Profondamente coerente con la decisione di ripartire con il protagonista più giovane di sempre, la Marvel l’ha fatto confrontare con il vero ostacolo per le nuove generazioni. Sapere gestire la fama improvvisa, i commenti e i giudizi, oltre che la vita perennemente esposta (o esponibile) al pubblico è la sfida del presente. Lui è tutto al contrario di un hikikomori. Non sta in disparte, ma viene posto al centro di una scena enorme e su scala mondiale quando non è ancora pronto a gestire i riflettori.
Il fotografo Peter viene fotografato. Il ragazzo che si filmava, viene ripreso e distorto dai filtri che il cinema ha sulla realtà. Per questo la trilogia di Spider-Man si eleva oltre ad un semplice intrattenimento di fantasia. Dà infatti ai pittoreschi nemici che lo vogliono morto un’arma attualissima, un nuovo potere: la visibilità. Il cinecomic è il luogo giusto per una riflessione di questo tipo. Un genere cinematografico al confine tra la fantasia e l’azione, che si basa proprio su questo continuo “schermo verde” che distorce e racconta menzogne sulla realtà. Lo si cerca proprio per questo suo felice inganno.

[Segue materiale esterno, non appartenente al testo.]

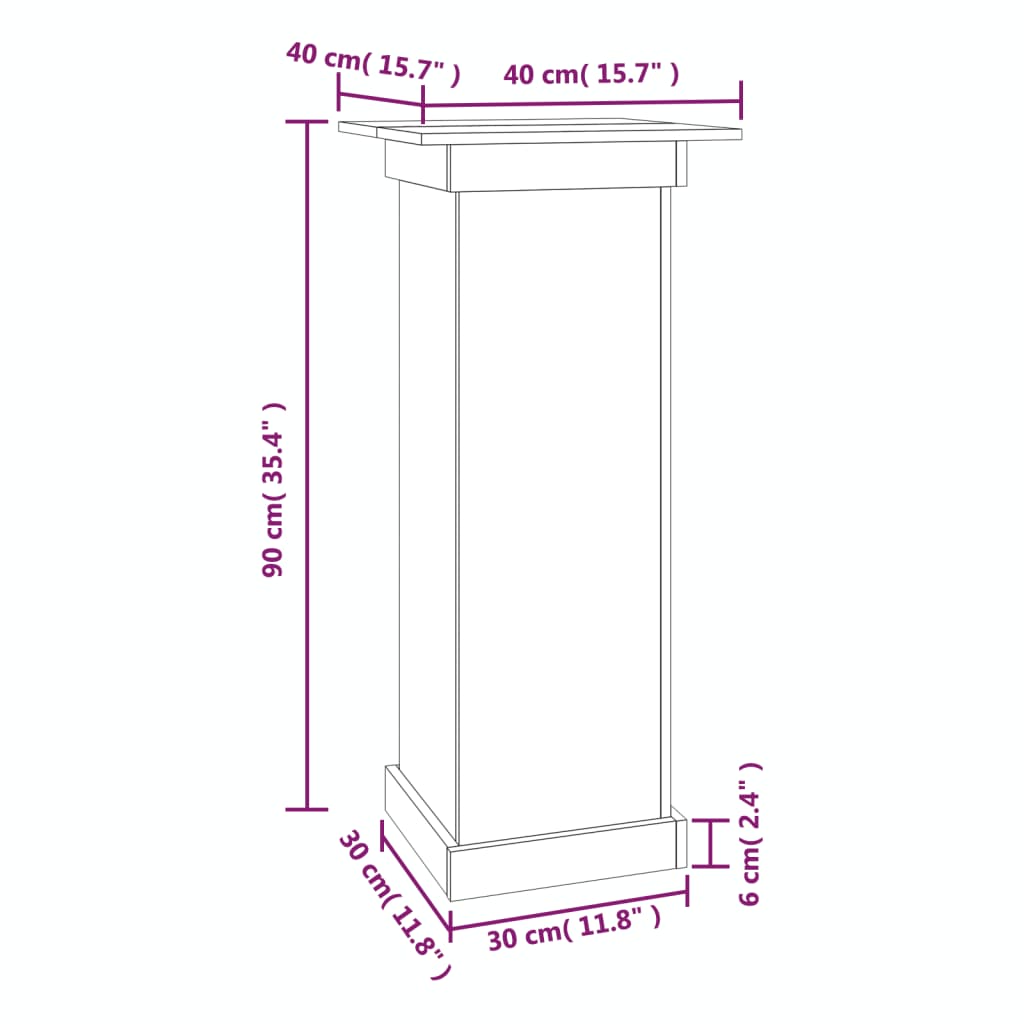 Suporte de vasos 40x40x90 cm madeira de pinho maciça branco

Non c’è nulla di più anti neorealista del cinecomic. Eppure è proprio quando ha accettato questa cosa, e ne è diventata consapevole, che la Marvel ha saputo raccontare il mondo vero con chiarezza e immediatezza. Un linguaggio comprensibile a tutti, ma non per questo meno profondo.
Peter Parker, l’uomo qualsiasi, è stato sconfitto dal sistema dell’informazione. Spider-Man anche, ma è riuscito a diventare completo smettendo di chiedersi cosa ne pensava la gente delle sue azioni, e trovando un proprio codice morale interno a cui restare fedele.